In 2014, Gov. Deval Patrick signed a bill that expanded the definition of sexual assault, lengthened the waiting period before bail could be set for alleged rapists, and required employers to provide up to 15 days of time off for assault victims.
A provision of the law limits the parental rights of convicted rapists over children conceived during a sexual assault, but it also gives offenders the ability to challenge the statute if a judge "makes an independent determination that visitation is in the best interest of the child.”
Advocates say that could result in a rape victims being forced to face their attackers over custody rights.
Even if a judge denies visitation, the law implies that rapists are entitled to due process in family court, including cross-examination of the victim, advocates say.
“Simply put, rape and family do not go together,” said Wendy Murphy, an attorney and director of the Women’s and Children’s Advocacy Project at the Boston-based Center for Law and Social Responsibility, during a hearing Monday.

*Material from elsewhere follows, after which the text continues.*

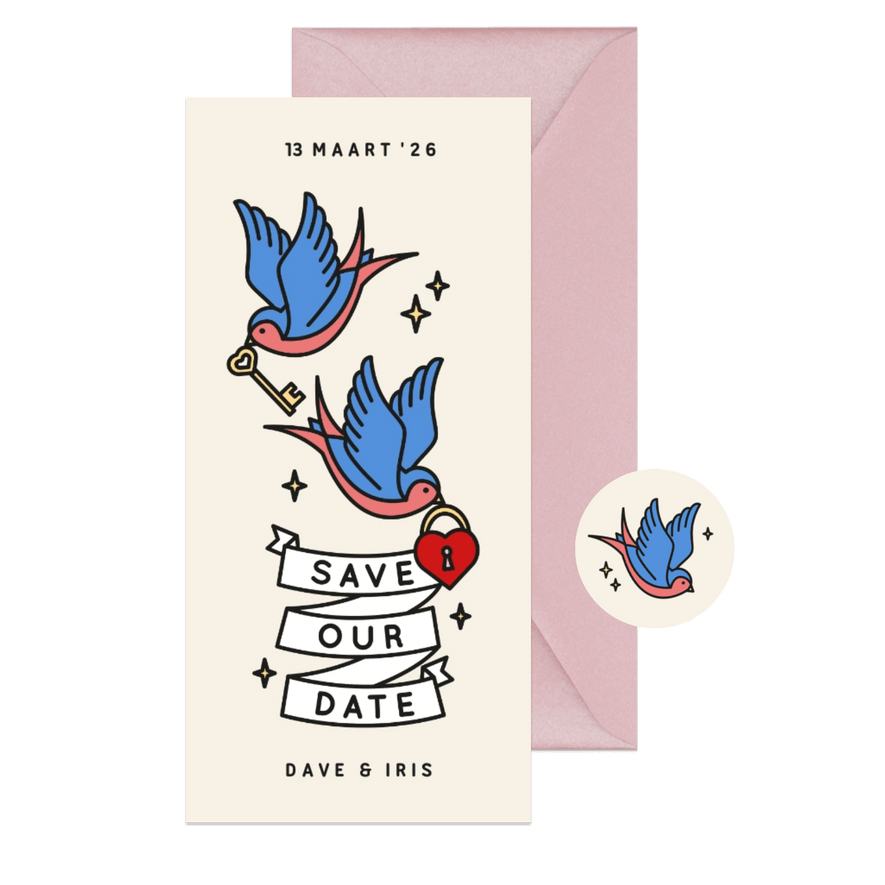 Save the date kaart met tattoo style illustratie - Kaartimpressie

“This statute empowers rapists with legal authority they can then assert over victims and use to control and abuse them years after the crime,” she said.

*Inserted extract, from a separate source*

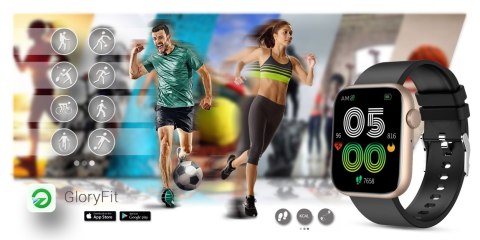 Smartwatch Damski Gravity GT3-2 Różowe Złoto - Czarny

Lawmakers are weighing several bills that would clear up the ambiguity.
One proposal — backed by 37 lawmakers including Sen. Joan Lovely, D-Salem — would prevent judges from granting visitation or custody rights to a parent convicted of rape. A similar proposal would block rapists from getting custody or parental rights over a child.
Both proposals would still require rapists to provide child support if a judge orders it.

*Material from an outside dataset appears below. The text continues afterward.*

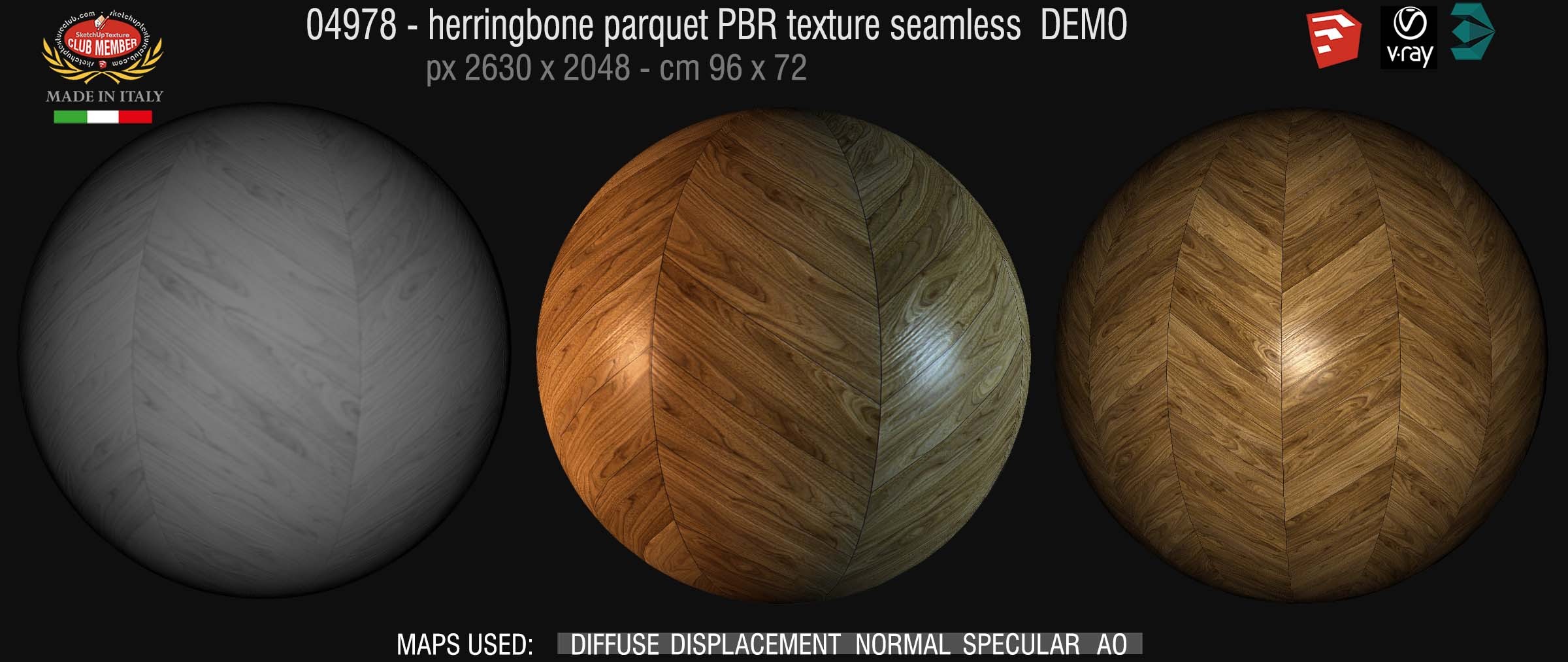 04977 Herringbone parquet PBR texture seamless DEMO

Rep. Michelle DuBois, D-Brockton, who filed one of the bills, told the panel on Monday that the law allows rapists to petition for custody until a child turns 18.
“This is an undue infringement on the rape victim’s rights to move on with her life, without fear that her rapist will resurface and force an unwanted relationship with her and her child,” she said.
Murphy, who represents a woman who was raped at age 14 and is fighting for parental rights against the man who raped her, said many proposals don’t go far enough to protect victims because, among other concerns, they require a rapist’s conviction.
She’s written a bill, filed by Sen. William Brownsberger, D-Belmont, that bans family and probate court judges from even considering the issue of parental rights from the birth of the child until a rapist is convicted or exonerated.
“This will prevent the absurd result of having rape-created children forced into harmful relationships with rapists after birth and before conviction,” Murphy said.
Massachusetts is one of two dozen states that require a criminal conviction to block most parental rights, according to the National Conference of State Legislatures. Other states deny parental rights if there's “clear and convincing evidence” that an individual carried out a sexual assault that resulted in the conception of the child.
Nationally only 36 percent of rapes are reported, according to the Bureau of Justice Statistics, and just 12 percent of sexual assaults result in the arrest of a perpetrator.
“Our main concern is that sexual assault victims are able to prevent perpetrators from getting visitation or custody of the child,” said Maureen Gallagher, policy director at Jane Doe Inc., a coalition focused on sexual assault and domestic violence issues. “It can and does happen, and we need to make sure victims are protected.”